Thursday, May 17, 2012

Daw Aung Sun Su Kyi Enters the Union of Myanmar Parliament

Daw Su in Parliament
NAYPYIDAW — Myanmar pro-democracy leader Aung San Suu Kyi was sworn in as a member of parliament Wednesday, opening a new chapter in the Nobel laureate's near quarter-century struggle against authoritarian rule.

The 66-year-old, in the capital Naypyidaw for the ceremony, stood to read the brief oath in unison with 33 other members of her National League for Democracy party elected to the lower house in April, an AFP reporter said.

The oath hands Daw Aung Sun Su Kyi public office for the first time and marks a transformation in the fortunes of the opposition leader, who was held under house arrest for much of the last 20 years but is now central to the nation's tentative transition to democracy.

She had initially baulked at taking the oath, specifically a sentence pledging to "safeguard" the army-created constitution.

But on Monday she backed down after the head of the nominally civilian government President Thein Sein refused to offer concessions, explaining it was the "desire of the people" to see her party in office after breakthrough April 1 by-elections.

But the wildly popular daughter of assassinated independence hero Aung San also faces the difficulty of managing the expectations of a nation impatient for change and the hopes of Burmese who see her as a sole beacon for democratic freedom.

It is unclear how rapidly she can deliver on her ambitious campaign promises, including the overhaul of Myanmar’s army-drafted constitution, in a legislature dominated by former members of the military junta who ruled for nearly half a century before ceding to a quasi-civilian government last year.

“Only time will tell,” she replied when asked by a Reuters reporter of the day’s significance, as she waded through a chaotic throng of reporters on her way to the chamber where she took the oath in a shortened 40-minute session.
Later, she told reporters: “I have always been cautiously optimistic about developments. In politics, you also have to be cautiously optimistic.”

Ms Suu Kyi’s entry into parliament comes a month after her party’s landslide victory in a by-election and two days after backing down in a stand-off over the wording of an oath to protect the constitution sworn by all new members of parliament.

The parliamentary session was to have ended on Monday but was extended in part to allow Ms Suu Kyi and fellow members of the National League for Democracy (NLD) to take their seats.
Entering the chamber, she at first sat down on her own, near the block reserved for serving military men who have a quarter of the seats under the constitution, and seemed relaxed as other lawmakers greeted her.

She then lined up with colleagues to take the oath, including a pledge to uphold a constitution her party wants to change because it gives the military a leading political role.
Asked if she felt awkward working with the military, she replied, “Not at all, I have tremendous goodwill towards the military. It doesn’t in any way bother me to sit with them.”
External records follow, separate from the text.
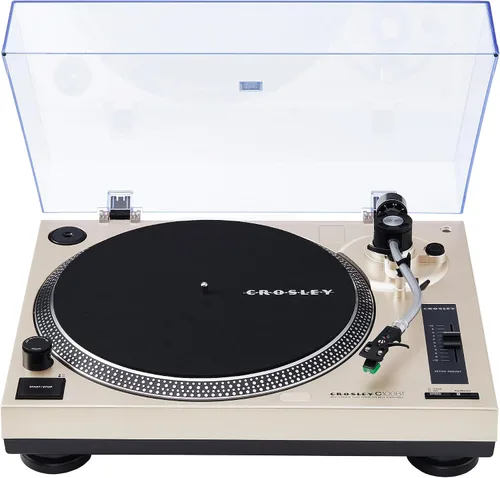 Vista 20 de Crosley KT100BT-CP - Sistema estéreo de tocadiscos Bluetooth con altavoces, champán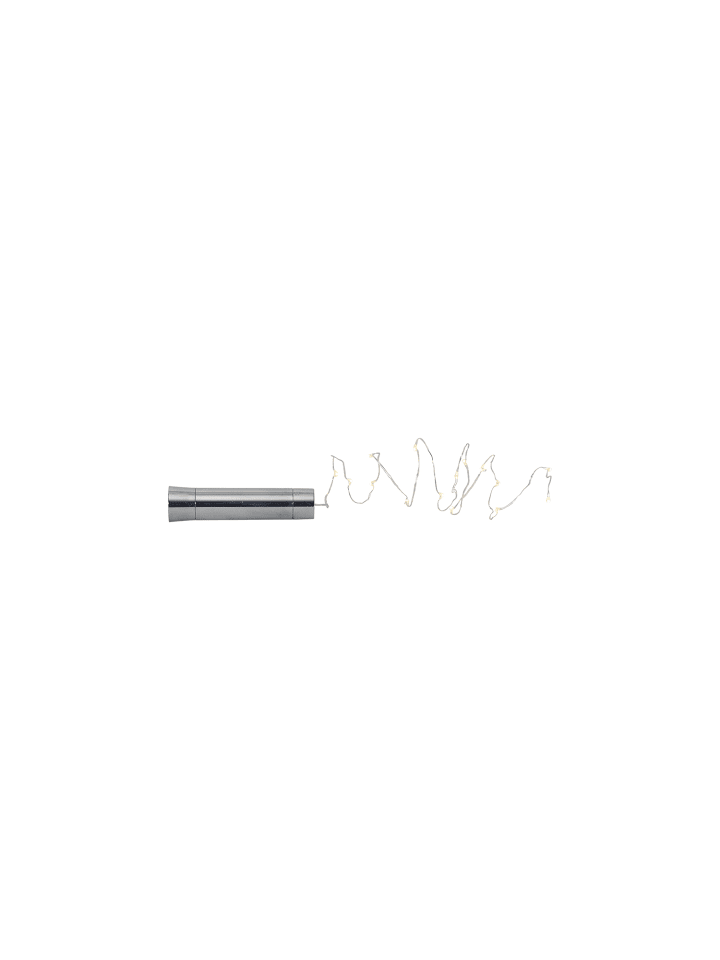 LED Flaschenlicht ,Dew Drop Tube', Korken mit Lichterkette, Batterie &
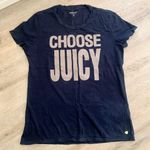 Juicy Couture Navy Logo Top Size M Photo 0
Her comments reflect the dramatic scale of change in the former Myanmar, given the military’s past treatment of Ms Suu Kyi, who was first detained by the army in 1989, and then spent 15 of the next 21 years in detention until her release from house arrest in November 2010.

Many lawmakers hope Ms Suu Kyi’s parliamentary debut will be a catalyst for further reform by the government of President Thein Sein, a former general who has freed hundreds of political prisoners, legalised trade unions and protests, and started a dialogue with  ethnic minority rebels.

“Parliament will be stronger because of her good relationship with the international community,” said Khin Maung Yi, a lawmaker from the National Democratic Force party. “We parliamentarians have wanted her in the legislature for a long time ... Many laws have to be changed and amended.”

Speaking to reporters after Wednesday's ceremony the veteran dissident said: "I believe I can serve the interests of the people more than before".

She was then whisked away by car to Naypyidaw airport to return to Yangon.